Opening Doors Performance 2018 – Review by Tamsin Nawathe


Today, I had the privilege of not only seeing Opening Doors’ annual show from the seats of the beautiful Teatru Salesjan, but from the wings as the excitement is fed from performer to audience. The showcase consisted of work from each of the Opening Doors groups – dance, music and theatre, alongside the Ensemble’s work, entitled ‘The Secret’, that will tour to Leeds this summer.























The night opened with the musicians of Opening Doors performing layered drum rhythms that then split into solos from each artist. The range of personal styles flourished through the short solo moment and showed the variety of melodies that can be accomplished with just one instrument.


The actors/actresses worked around a scene at a Street Tombola and mixed comedy and drama. They showcased their talent by even including singing, proving that even though the performers are enacting one art form that they have a lot to offer. The music choices got the audience up and singing along.

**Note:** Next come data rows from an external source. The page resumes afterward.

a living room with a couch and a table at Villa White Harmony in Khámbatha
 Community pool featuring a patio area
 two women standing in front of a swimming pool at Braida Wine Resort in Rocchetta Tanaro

Around a table as a prop, the piece explored different scenarios that could happen around it. Dinner, operations and so on as the dance changed from romantic to eerie. Once again we see the diversity in the performers as they changed how they acted depending on the scenario presented in the piece.



From a spectator’s perspective you can see the adventurous play with technology and people, as a screen blends the backdrop world to the living reality on stage with interactions, moving images and music. This feature allowed the setting of a survivor from a plane crash to come to life, by seeing it happen, yet keeping the creative alternative world by being in a more cartoon form as if we stepped into another reality.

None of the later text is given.